LoRA vs. Full Fine-Tuning: An Illusion of Equivalence

(arxiv.org)

57 points | by timbilt 4 hours ago ago

4 comments

  • pwillia7 an hour ago

    This tracks with my feelings making and using Stable Diffusion Loras and fine tunes. Still, with the speed to train and use, Loras have worked for me in most use cases and it hasn't been worth fine tuning the entire model.

    • K0balt an hour ago

      Yeah,it reflects the “feel” I get from lLoRa as well, especially if I overdo it. The new data becomes the preferred output even for unrelated inputs. I always felt like it was bludgeoning the model to some extent vs finetuning.

      Also, LoRa tuning an extensively tuned model occasionally provokes full on delusional “insanity” or gibberish seizures.

      I have had really good luck though using a highly tuned model as the training basis for a LoRa and then applying that LoRa mask to the base version of that model.
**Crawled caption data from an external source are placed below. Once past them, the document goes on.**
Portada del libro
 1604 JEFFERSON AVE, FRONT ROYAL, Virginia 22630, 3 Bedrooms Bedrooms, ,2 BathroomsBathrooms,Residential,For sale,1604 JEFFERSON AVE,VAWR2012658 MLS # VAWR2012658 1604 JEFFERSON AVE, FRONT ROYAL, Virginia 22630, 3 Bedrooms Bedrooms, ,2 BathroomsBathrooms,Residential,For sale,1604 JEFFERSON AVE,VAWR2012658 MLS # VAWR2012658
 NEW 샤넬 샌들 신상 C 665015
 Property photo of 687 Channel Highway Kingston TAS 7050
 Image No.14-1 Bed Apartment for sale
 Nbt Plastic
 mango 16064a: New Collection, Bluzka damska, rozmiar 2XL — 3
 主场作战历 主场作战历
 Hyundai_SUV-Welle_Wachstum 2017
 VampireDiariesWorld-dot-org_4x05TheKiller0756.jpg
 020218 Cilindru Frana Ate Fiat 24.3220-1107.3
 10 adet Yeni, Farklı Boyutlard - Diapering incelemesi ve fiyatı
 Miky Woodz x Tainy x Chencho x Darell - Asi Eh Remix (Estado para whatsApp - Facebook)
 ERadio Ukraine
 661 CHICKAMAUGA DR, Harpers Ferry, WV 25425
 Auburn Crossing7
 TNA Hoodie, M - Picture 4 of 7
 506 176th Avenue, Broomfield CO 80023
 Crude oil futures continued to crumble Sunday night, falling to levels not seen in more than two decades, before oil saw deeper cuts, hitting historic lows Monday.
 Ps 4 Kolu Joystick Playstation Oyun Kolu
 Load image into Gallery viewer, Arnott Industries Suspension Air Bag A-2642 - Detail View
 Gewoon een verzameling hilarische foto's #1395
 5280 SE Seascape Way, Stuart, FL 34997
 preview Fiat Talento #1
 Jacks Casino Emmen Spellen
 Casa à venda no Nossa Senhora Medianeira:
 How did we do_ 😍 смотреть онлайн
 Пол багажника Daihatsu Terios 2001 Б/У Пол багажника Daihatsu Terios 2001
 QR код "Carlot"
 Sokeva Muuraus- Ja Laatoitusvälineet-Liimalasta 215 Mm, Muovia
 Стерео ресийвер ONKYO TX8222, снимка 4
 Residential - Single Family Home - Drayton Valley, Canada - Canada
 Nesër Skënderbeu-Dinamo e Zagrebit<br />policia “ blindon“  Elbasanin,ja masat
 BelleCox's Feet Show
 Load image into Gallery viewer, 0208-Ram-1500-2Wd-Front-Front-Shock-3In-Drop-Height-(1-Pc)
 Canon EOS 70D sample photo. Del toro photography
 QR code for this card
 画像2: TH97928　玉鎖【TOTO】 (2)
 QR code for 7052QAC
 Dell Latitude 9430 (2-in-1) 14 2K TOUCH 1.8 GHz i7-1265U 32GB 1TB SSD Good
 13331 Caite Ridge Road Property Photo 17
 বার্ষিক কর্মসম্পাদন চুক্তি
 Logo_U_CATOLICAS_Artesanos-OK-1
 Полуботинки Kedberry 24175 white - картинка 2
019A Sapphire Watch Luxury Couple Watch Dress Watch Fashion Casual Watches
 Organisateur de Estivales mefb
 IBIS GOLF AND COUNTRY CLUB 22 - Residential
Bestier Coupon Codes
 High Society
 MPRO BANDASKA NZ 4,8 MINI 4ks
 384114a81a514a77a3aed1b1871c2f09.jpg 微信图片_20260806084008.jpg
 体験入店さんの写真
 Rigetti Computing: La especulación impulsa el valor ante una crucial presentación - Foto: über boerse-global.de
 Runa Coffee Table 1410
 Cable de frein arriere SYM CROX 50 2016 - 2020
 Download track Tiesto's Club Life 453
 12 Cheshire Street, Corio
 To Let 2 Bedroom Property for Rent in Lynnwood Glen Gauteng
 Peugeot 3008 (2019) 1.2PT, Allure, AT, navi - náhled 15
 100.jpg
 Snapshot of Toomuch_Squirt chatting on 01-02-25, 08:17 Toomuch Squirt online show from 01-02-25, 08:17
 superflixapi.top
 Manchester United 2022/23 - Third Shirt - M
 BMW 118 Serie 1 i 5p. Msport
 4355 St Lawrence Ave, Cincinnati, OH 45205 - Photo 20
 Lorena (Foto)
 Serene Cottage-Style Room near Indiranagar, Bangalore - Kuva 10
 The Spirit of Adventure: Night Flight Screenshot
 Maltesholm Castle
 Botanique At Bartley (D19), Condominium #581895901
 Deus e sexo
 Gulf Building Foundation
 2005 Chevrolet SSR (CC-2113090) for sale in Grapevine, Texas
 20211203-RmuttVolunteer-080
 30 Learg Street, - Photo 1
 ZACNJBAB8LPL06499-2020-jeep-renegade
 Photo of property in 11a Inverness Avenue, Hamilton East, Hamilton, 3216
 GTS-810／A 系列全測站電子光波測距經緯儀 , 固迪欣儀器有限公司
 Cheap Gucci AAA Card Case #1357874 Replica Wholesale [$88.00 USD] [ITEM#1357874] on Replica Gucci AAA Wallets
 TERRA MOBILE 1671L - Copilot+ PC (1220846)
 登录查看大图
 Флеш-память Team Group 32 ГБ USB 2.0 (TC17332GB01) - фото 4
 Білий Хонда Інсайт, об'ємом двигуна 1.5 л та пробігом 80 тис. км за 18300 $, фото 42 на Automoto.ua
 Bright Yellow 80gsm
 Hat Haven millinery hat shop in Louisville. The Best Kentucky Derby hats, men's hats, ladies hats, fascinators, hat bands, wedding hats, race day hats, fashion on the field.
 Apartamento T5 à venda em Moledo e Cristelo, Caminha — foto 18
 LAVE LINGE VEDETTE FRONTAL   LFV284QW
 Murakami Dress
I’m not sure why that seems to work better than the same LoRa training directly on the base model.

  • K0balt 2 hours ago

    So, in layman’s terms, LoRa appears to “traumatize “ the model to some degree, connecting the vector space with strong “jumpers” (intruder dimensions) to change it’s behavior, instead of subtly conforming the entire model into a shape that accommodates the new data.

    These jumpers or shortcuts do create connections between the relevant new concepts in the model, but by directly connecting them instead of associating them through the existing network of concepts, nuance is lost and the bypassed areas become deemphasized, leading to forgetting of previously held associations.

    Because of this, In general, fine tuning produces better results than LoRa in most cases, especially when forgetting of existing training is detrimental.

    Or, to further oversimplify the issue in SE terms, LoRa == monkeypatching. (Is this a kind of intruder dimension?)